Pagi-pagi  seorang  tukang  pos mengantarkan sepucuk surat,
Seolah semacam  isyarat: satu keluarga  mesti pergi, sebelum

Kabut  menjemput  kutuk  sewarna  marun. Angin  hijau pastel
Di halaman  rumah, membelai sebiji embun  di daun cempaka,
Sebelum  sesetel  sayap tekuku  berkepak menembus cahaya
Pagi melepas bebulu sepasang bajing mati ke dahan angsana.

Tak  bisa  lagi  kauhantarkan  segelas teh  pahit itu, terbayang
Wajah bocah lima tahun dengan sepasang biji mata terkagum,
Berteriak,  ‘Bak, ada  surat!’  Tukang  pos  sejenak  tersenyum
Menatapmu  berlari  mengacungkan  selembar  amplop coklat,

Setelah  sebuah  siulan kecil;  ‘Taruh  saja  di meja,’ sahutnya.
Lalu,  kau terjerembab.  Ia menghampiri,  cuma tegas berkata,
‘Bangun, Nak.  Jadilah lelaki.’  Dan kini,  dalam rasa  asing ini,
Kauurai  satu-satu  lontai  kenangan dalam kisah  paling nyeri.


2
Serakan daun petai cina  dan belimbing di halaman rumah tua
Dibakar  sebelum  selesai  senja,  usai  ketukan pintu, mereka
Menculik lelaki renta itu, sepucuk senapan teracu ke dagunya;
Mereka mengikat tangan dan kakinya seolah pelanduk buruan,

Orang tak bertuhan  dibuang ke tepi  hutan.

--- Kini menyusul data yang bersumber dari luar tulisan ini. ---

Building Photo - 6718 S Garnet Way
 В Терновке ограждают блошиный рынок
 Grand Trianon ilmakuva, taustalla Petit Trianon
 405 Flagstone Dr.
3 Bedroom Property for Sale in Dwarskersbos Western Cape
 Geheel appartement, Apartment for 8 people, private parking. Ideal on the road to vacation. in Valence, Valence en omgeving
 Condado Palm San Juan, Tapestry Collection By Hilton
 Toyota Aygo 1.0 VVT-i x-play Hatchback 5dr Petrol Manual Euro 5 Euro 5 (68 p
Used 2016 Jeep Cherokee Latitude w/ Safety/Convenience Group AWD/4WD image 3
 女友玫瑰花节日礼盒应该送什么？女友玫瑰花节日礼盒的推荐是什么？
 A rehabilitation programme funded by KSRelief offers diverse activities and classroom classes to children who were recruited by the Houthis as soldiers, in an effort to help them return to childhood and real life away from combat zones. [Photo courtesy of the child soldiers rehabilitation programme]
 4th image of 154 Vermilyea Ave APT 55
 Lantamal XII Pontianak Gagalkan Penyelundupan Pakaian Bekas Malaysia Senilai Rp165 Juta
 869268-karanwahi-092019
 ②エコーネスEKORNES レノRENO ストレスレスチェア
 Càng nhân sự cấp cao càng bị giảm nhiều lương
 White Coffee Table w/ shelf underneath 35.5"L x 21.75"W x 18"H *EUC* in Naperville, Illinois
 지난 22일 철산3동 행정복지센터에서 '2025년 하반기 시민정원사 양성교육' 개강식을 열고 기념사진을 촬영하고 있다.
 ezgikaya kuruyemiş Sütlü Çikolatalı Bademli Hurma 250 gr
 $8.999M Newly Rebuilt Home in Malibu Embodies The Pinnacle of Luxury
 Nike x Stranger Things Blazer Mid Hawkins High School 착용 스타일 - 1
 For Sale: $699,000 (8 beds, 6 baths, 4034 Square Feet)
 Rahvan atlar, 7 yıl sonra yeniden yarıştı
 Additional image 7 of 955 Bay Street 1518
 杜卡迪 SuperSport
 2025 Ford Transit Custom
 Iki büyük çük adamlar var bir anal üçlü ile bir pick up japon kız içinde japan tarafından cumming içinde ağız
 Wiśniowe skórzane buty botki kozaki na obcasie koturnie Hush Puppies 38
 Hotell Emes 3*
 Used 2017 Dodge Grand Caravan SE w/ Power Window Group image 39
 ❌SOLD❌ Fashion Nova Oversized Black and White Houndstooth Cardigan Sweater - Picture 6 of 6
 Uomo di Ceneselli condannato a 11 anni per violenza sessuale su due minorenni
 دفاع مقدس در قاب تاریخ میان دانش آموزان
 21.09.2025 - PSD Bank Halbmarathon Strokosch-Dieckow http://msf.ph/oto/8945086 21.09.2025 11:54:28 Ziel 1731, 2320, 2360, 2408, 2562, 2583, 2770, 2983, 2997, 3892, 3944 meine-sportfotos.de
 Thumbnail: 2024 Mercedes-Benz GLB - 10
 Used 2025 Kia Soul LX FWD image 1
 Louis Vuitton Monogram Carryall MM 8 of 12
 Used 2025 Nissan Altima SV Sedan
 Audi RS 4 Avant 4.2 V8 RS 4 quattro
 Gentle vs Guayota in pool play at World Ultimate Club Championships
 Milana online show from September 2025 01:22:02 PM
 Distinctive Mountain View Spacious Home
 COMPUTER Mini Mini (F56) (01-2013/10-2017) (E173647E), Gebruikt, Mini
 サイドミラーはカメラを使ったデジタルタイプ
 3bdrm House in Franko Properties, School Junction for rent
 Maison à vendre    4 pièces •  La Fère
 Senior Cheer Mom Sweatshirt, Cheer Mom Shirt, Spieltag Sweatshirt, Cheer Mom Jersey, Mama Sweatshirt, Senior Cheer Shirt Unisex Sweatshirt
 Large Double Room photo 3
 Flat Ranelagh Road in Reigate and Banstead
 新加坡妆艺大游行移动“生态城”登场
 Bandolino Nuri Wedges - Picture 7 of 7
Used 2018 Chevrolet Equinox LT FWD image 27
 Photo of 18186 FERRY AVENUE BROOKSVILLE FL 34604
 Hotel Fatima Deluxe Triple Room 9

Begitu kaudengar
Takdir  kakekmu  dari  bibirnya,  sedikit  gemetar, hawa  dingin
Seliar  angin  menggigit  reranting   waru.  Kupu-kupu  kuning
Hinggap pada  selembar  kenangan jatuh di samping tumitmu.

‘Bak,  kenapa  kita  bisa mati?’  Begitu kauingat  sebisik tanya
Bocah  lima  tahun itu; matanya  sembab menatap  langit biru.
Lelaki  itu  menghirup  tehnya.  ‘Pagi ini  kakek  tidur  di surga,
Tak bisa  mereka  sembelih kakek di sana,’  katanya, kautatap

Awan putih  menyusut  seperti  rintih  di lekung  pipi  lelaki  itu.
Sekarang ia  kembali mengarit halaman  rumah, subuh-subuh
Membikin  siring  antara vanili  dan sulur sirih  berdaun merah
Kini melilit  sebatang  pohon seri.  ‘Jangan pernah membenci,

Anakku, jangan  pernah  membenci,’  lirihnya  di tepi senja itu.
Begitulah,  kami  mulai  lagi  permainan  purba itu,  mendekap
Rasa kutuk yang aneh tahun-bertahun, lolong yang terbantun
Pada  bibir  sejarah, kekejian yang dipahami tanpa rasa salah.


3
Di ketek  adek  paku  dipantek, kali-berkali beliung ditancapkan
Menembus  laung kesakitan; bunda memeluk betis penghukum
Sebelum  lancip  gancu  ditusuk  ke perutnya; atas nama  dosa
Kegilaan massal itu  dihajatkan, seakan  upacara pembersihan.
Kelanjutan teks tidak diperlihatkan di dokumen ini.